**PROVIDED INFORMATION:**

● ● ● ● ●

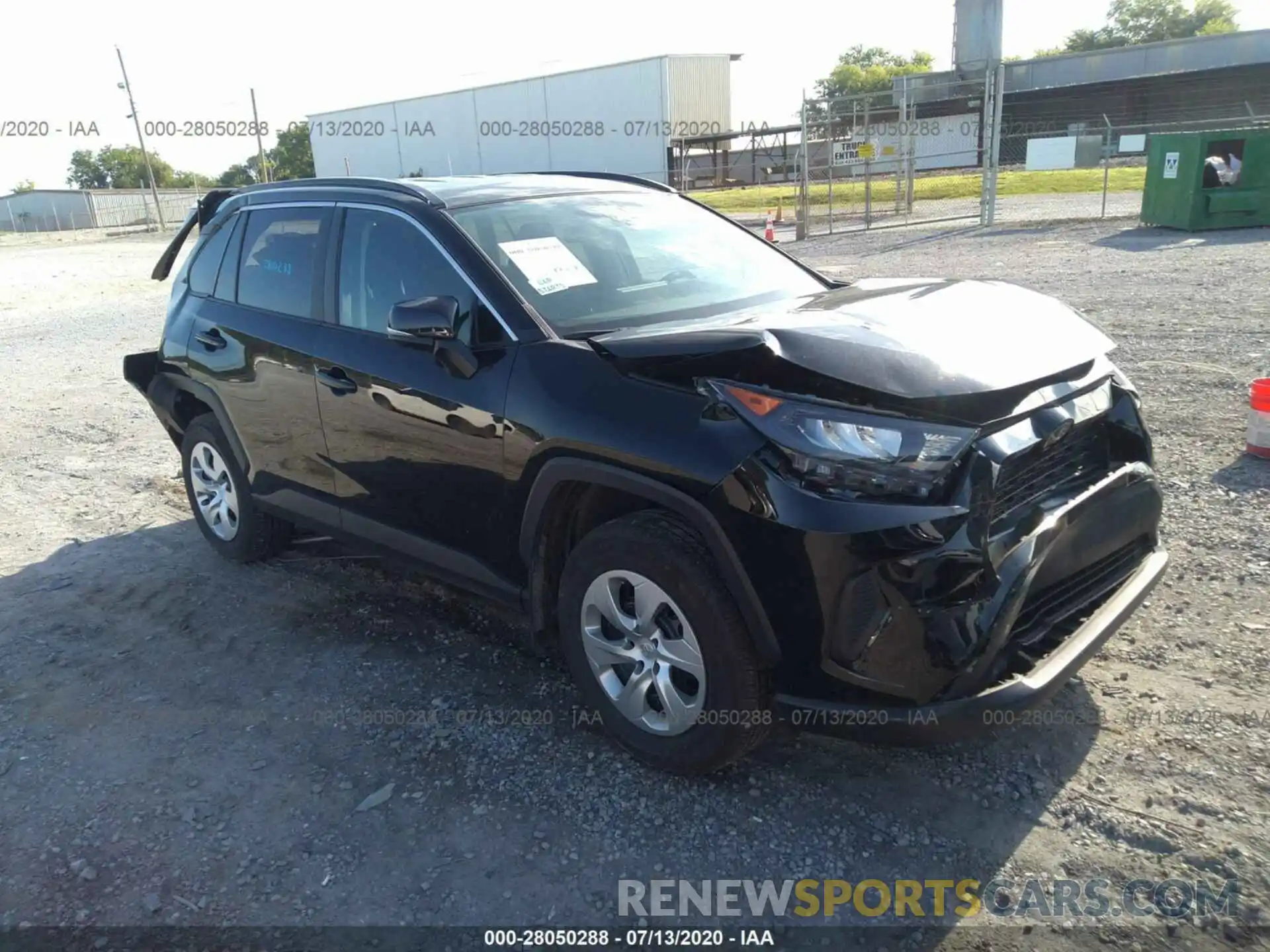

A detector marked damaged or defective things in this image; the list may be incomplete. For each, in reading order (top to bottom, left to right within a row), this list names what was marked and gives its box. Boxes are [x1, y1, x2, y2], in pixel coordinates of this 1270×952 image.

damaged toyota rav4 [124, 174, 1163, 777]
damaged hood [589, 279, 1117, 406]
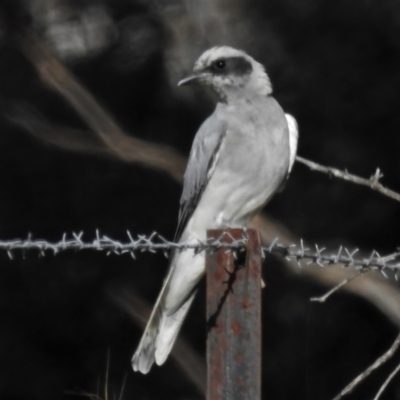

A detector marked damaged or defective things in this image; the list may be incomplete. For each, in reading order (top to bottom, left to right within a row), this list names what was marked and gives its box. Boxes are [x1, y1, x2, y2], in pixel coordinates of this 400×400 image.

rusty metal post [206, 228, 262, 400]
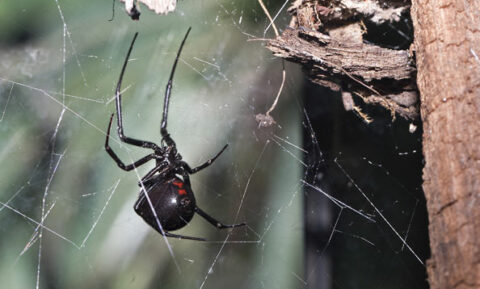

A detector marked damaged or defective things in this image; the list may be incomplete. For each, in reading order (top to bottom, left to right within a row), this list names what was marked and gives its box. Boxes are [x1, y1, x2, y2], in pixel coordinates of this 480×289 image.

splintered wood [266, 0, 420, 119]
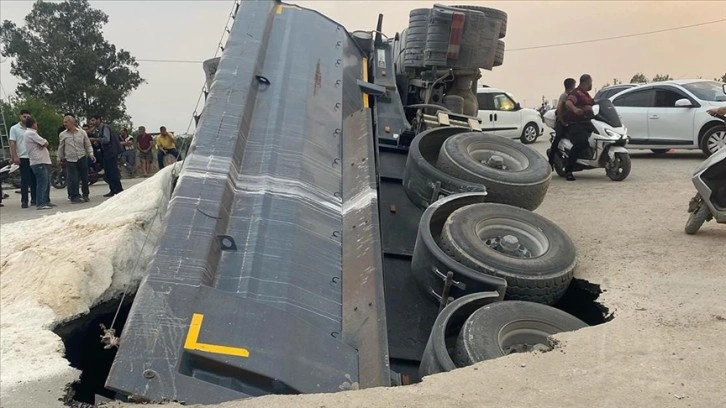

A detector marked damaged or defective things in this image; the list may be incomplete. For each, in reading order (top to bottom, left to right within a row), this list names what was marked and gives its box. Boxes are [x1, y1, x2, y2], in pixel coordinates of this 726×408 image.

overturned truck trailer [106, 0, 580, 402]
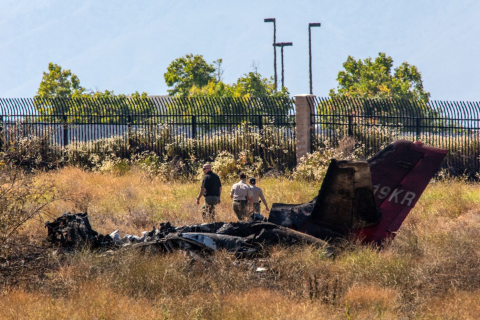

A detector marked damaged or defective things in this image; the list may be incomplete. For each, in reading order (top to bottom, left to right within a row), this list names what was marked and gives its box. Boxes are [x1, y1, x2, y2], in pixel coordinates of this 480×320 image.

charred aircraft wreckage [45, 139, 446, 255]
burnt metal debris [46, 141, 450, 254]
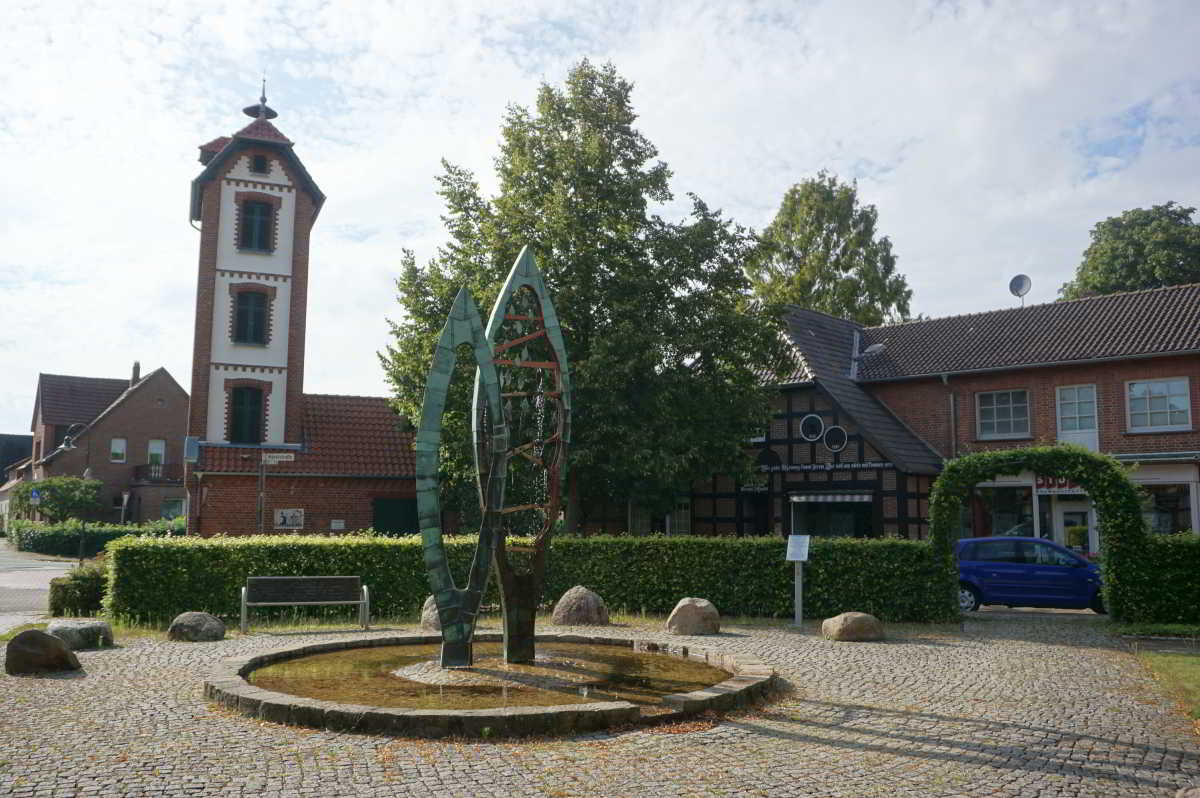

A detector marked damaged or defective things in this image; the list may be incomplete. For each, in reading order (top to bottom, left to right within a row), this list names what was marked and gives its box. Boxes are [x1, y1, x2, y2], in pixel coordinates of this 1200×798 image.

rusty metal sculpture element [415, 286, 508, 667]
rusty metal sculpture element [472, 246, 571, 662]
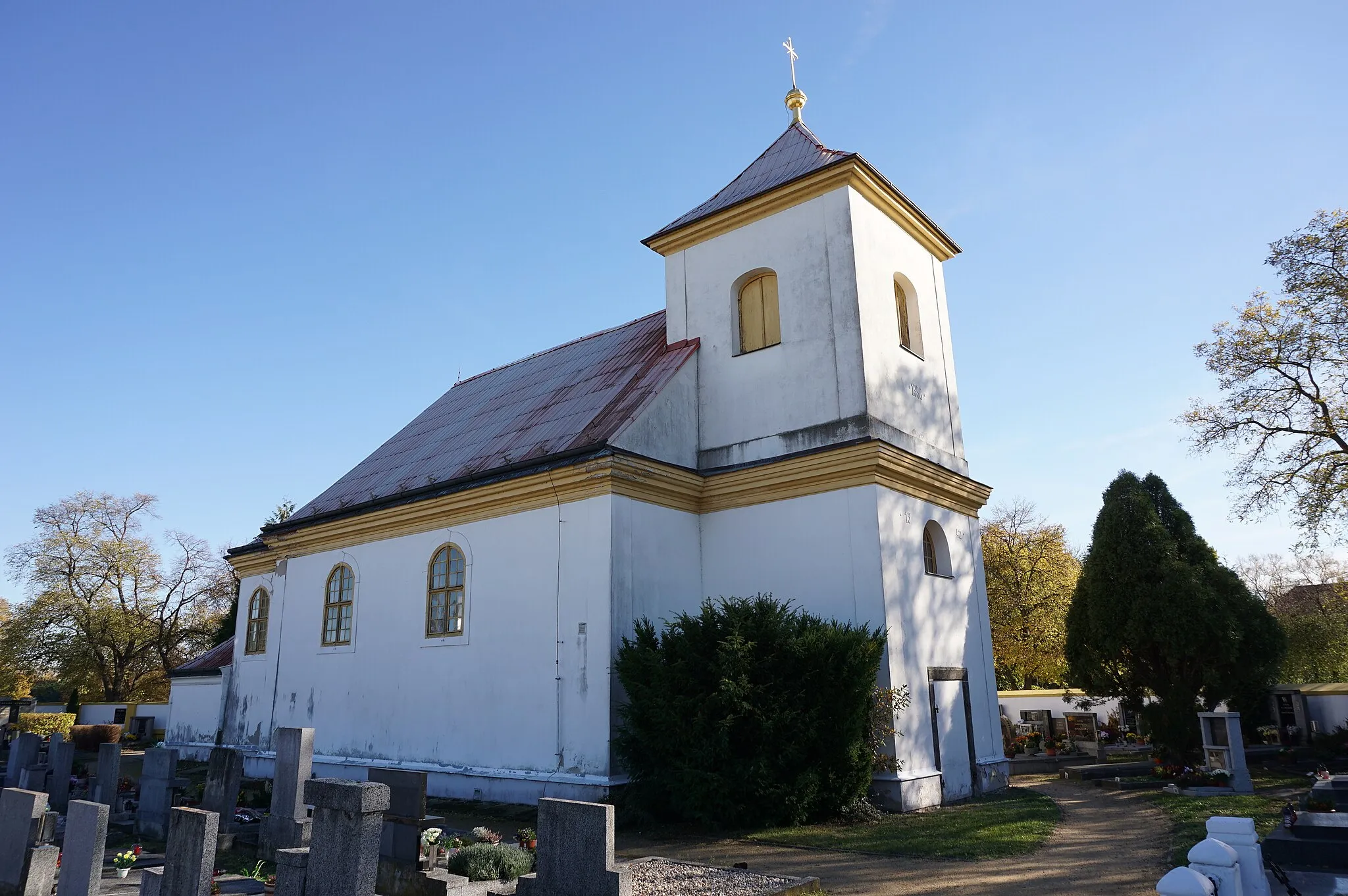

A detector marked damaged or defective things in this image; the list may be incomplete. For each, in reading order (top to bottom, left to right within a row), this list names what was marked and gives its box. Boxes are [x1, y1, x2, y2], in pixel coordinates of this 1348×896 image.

● ● ● ● ●

**TASK PROMPT:**
Could you write out verbatim only those lines that run from the line containing "this 726×408 image." through the end of the listing above, both included, without the pictures?

**ANSWER TO THE EXERCISE:**
A detector marked damaged or defective things in this image; the list may be incomplete. For each, in reading order (top to bottom, left to right within a row), this list names what was marked and gives its box. Boxes are [x1, y1, x2, y2], in pixel coordinates of this 726×408 image.

overturned truck trailer [106, 0, 580, 402]

A detector marked damaged or defective things in this image; the list may be incomplete. For each, in reading order (top to bottom, left to right within a row), this list names what was marked and gives its box. Boxes are [x1, y1, x2, y2], in pixel coordinates of this 480×320 image.

charred aircraft wreckage [45, 139, 446, 255]
burnt metal debris [46, 141, 450, 254]

A detector marked damaged or defective things in this image; the list may be incomplete. For each, in reading order (top to bottom, left to right within a row), this list names what was marked and gives its box. Boxes are [x1, y1, x2, y2], in pixel coordinates of this 1200×798 image.

rusty metal sculpture element [415, 286, 508, 667]
rusty metal sculpture element [472, 246, 571, 662]

A detector marked damaged or defective things in this image; the list may be incomplete. For each, in reading order (top to bottom, left to right within a row), this list names what was marked and gives its box. Boxes are [x1, y1, x2, y2], in pixel coordinates of this 1348×896 image.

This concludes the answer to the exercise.